Утро 17 февраля 1600 года было днём его казни. В Риме праздновался юбилей: 50 кардиналов, толпы паломников со всей Европы съехались в город ко гробу апостолов искать отпущения грехов. На этом празднике христианской любви и всепрощения (а точнее церковного лицемерия) был сожжён на Площади Цветов человек, толковавший о вселенской любви, движущей всем созданием. Должны были пройти три столетия, чтобы вещие слова Джордано Бруно оправдались и чтобы бессмертная слава осенила, наконец и навсегда, его имя.

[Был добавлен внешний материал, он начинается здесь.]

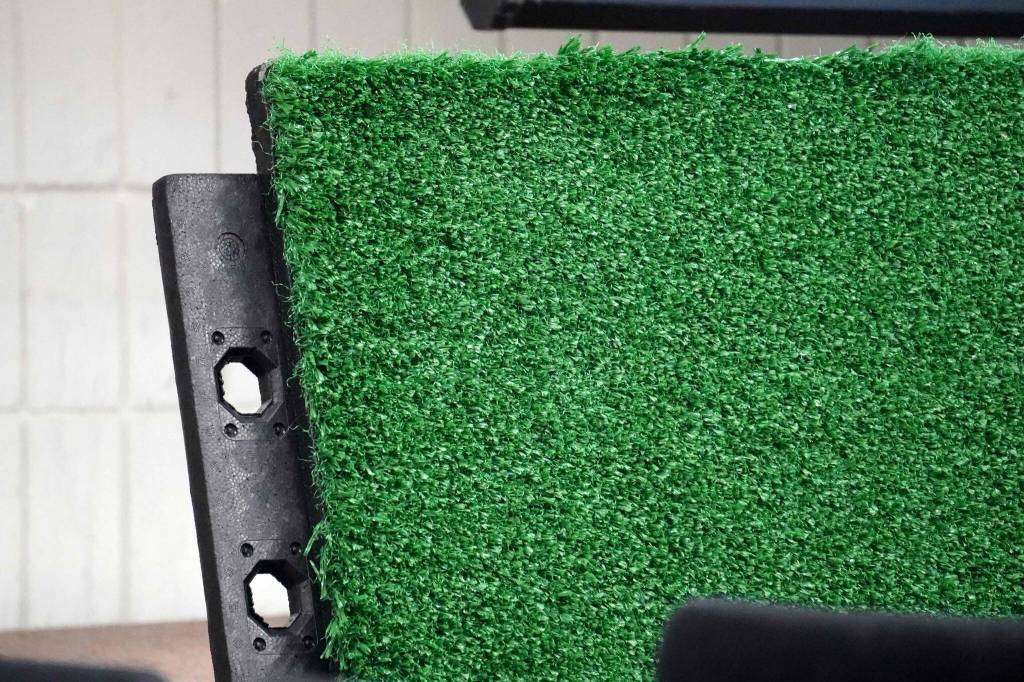 A panel of new turf flooring is displayed during a presentation on the Soldotna Field House at the Soldotna Regional Sports Complex in Soldotna, Alaska, on Wednesday, June 25, 2025. (Jake Dye/Peninsula Clarion)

Естественно, что находящимся у власти всегда не нравится то, что способно, хотя бы в перспективе, дать людям немного свободы от их гнёта. Поэтому в средневековье они обвиняли магов и учёных во всех смертных грехах, сжигали на кострах, топили, пытали… С единственной только целью — не потерять даже малую часть своей власти. Так было, так есть и так будет всегда. Что бы современные учёные и маги ни обнаружили или изобрели, это сразу же будет сокрыто, а автора, в лучшем случае, осмеют. Для особо упорных у нас есть даже свои костры — психиатрические лечебницы. Ведь ни для кого не секрет, что с помощью химических нейролептических соединений можно навсегда сделать из нормального человека кого угодно…

Разумеется, что ни один из мыслителей и магов древности и средневековья в одиночку никогда бы не справился с взятой на себя задачей. Но совместными усилиями, пусть иногда даже не зная друг о друге, безымянные маги, мыслители, жрецы и мудрецы породили современную и известную нам науку. И то, что некоторые из них вошли в историю, лишь своего рода случайность, стечение обстоятельств.

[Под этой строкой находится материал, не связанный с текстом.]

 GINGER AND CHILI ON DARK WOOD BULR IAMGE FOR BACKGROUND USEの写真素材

Наша мысль смотрит в будущее. Есть надежда, что когда-нибудь человечество настолько поумнеет, что перестанет уничтожать лучшие умы. Нам ещё предстоит множество потрясений от встречи с неведомым. Новые миры, новые формы разума, новые знания. Разумеется, что человечеству просто необходимо быть готовым к этому. Не только интеллектуально, но и морально. Яркий тому пример — атомные и ядерные реакции. И, как последствие — Чернобыль и Фукусима… Подобная акселерация, как и в подростковом возрасте, ни к чему хорошему не приведёт.

Нам, учёным, магам, эзотерикам… Впрочем, какая разница! Нам. Стоит задуматься о той дороге в будущее, которую мы сейчас разведываем и строим для наших детей. Насколько мы далеко посмотрели? И не заложим ли мы своими руками самый настоящий Армагеддон? Маги и учёные древности серьёзно задумывались над последствиями собственных исследований, исследуя, наравне с материальными, и духовные явления. Современная же наука уже квалифицируется как «бездушная». По этой причине на первом месте для любого деятеля в области магии и науки в настоящее время должно быть моральное и этическое совершенствование. А уж потом — исследования непознанного.